Киргизы уважают и берегут своё «пресное море» с песчаными почти везде, похожими на египетские, берегами. Не однажды я видел, как совсем ещё маленькие дети, барахтаясь в благословенной влаге, выскакивают на берег и бегут стремглав в степь, чтобы там справить свою малую нужду, ибо озеро – это святыня.
Мы выбрали для того,  чтобы остановиться, именно это место на берегу, потому что заметили ещё с шоссе стайку белых юрт, прихотливо раскинувшуюся возле самой воды. Одна из них, с незатейливым орнаментом  под  крышей, нам особенно приглянулась, и мы затеяли переговоры с хозяйкой, молодой ещё киргизкой с ослепительно-белыми зубами и кучей детворы.
О цене даже не торговались. Но когда она уже держала в руках деньги, вдруг, словно чего-то испугавшись, вскинула на меня свои прекрасные раскосые глаза и сказала: «Ой!.. Только там телевизора нет… и интернета тоже нет… и – света…»
При этом как-то вся застыдилась, опустила очи долу и горестно вздохнула. Так, наверное, ведут себя огорчённые ангелы, если им показалось, что они в чём-то согрешили.
А я дышал, полной грудью вдыхая чистейший горный воздух, который хотелось пить, чтобы не пролить ни  капли, но брови слегка нахмурил и, стараясь придать голосу некую ноту разочарования, ответил:
- Я постараюсь это с трудом, но пережить!..
Она оценила  шутку, за которую наградила… хотел сказать «меня»… Да нет, не меня, а весь мир своей совершенной улыбкой, которую почему-то сейчас везде называют «голливудской». Если это так, то девяносто процентов жителей Киргизии – уроженцы Голливуда.
Рюкзаки даже разбирать не стали. Просто бросили их в прохладной полутёмной юрте, разделись и почти бегом кинулись к озеру.
Сразу погрузиться  в объятия прохладной воды было нельзя, потому что,  даже если вы никогда не задумывались о том, есть ли у вас душа, способная оценить прекрасное, не оторопеть от высокой грандиозности  того, что предстаёт перед вашими глазами, решительно невозможно.
На далёком противоположном берегу белоснежно ослепителен Тянь-Шань, вершины которого словно бы порождают облака, царственно покоящиеся над ними.
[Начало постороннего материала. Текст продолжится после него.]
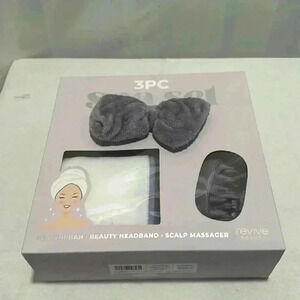 3 pcs set new spa set new inbox never opened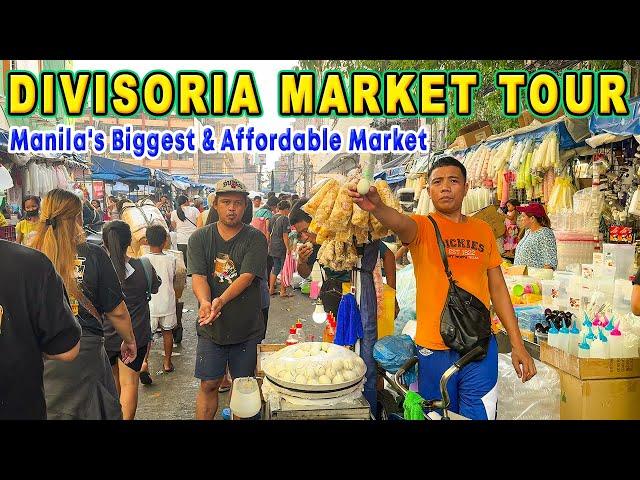 Exploring Divisoria | The Shopping Capital and Bargain Hunting Hub of the Philippines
И как бы пристально вы ни рассматривали это дивное творение Бога, ни за что не поймёте, где заканчиваются хладно сияющие зубцы гор, а где начинается небо…
Потом была невероятно вкусная киргизская еда, которую, пока мы купались, приготовила для нас хозяйка. Мы ели нежнейшую баранину с крупными кусками картофеля, сдобренного душистыми какими-то травами, и запивали это кумысом, настоящим, киргизским, лучшим в мире, от которого даже у хилого старца начинают сиять глаза, а мысли прочищаются, и он вспоминает, что такое любовь.
И дождь в это время кругами бродил где-то совсем рядом. И мы видели его серые космы-пряди, ниспадающие из стремительных туч. У нас же над головами ослепительно щедро хохотало солнце, тоже стараясь стать звездою Голливуда, наверное…
Потом снова – Иссык-Куль во всей безмерности счастья. И говорить не хотелось. Ни о чём. Здесь, пожалуй, пришло ко мне понимание того, что зовётся загадочным словом «нирвана». Уже ближе к вечеру, когда испытываешь едва ощутимую истому, но при этом желаний нет никаких: пить, есть или – наоборот не хочется. И чувств, кажется, нет никаких, потому что тела своего ты не слышишь совершенно, ибо ничто в нём не болит и даже малейшего страдания не испытывает. И не спишь ведь: сознание абсолютно прояснено… Это, кажется, и есть «нирва…»
- Извините, что беспокою. Зажигалки у вас не будет?.. А то я тут с детьми приехал, их у меня четверо, а своя куда-то запропастилась.
Уже из почти темноты к нашей юрте вышел немолодой уже киргиз – чуть расплывшийся  атлет лет сорока, лицо которого заросло густой щетиной почти до длинных,  азиатского разреза глаз. Увидев у нас на столе зажигалку, он взял её, прикурил, присел рядом и, глядя на белые буруны волн озера, стал рассказывать. И казалось, что – никому. Самому себе. Потом уже, когда он ушёл, ближе к рассвету, я понял, что и такой бывает нирвана.
- Я-то сидел. Двенадцать лет. Ага, значит. А потом, когда вернулся… К ней вернулся, конечно, к кому же ещё! У неё уже – дети. Понятно, что не мои. А чьи, спрашивать я не стал: она же тоже живой человек… Пральна?..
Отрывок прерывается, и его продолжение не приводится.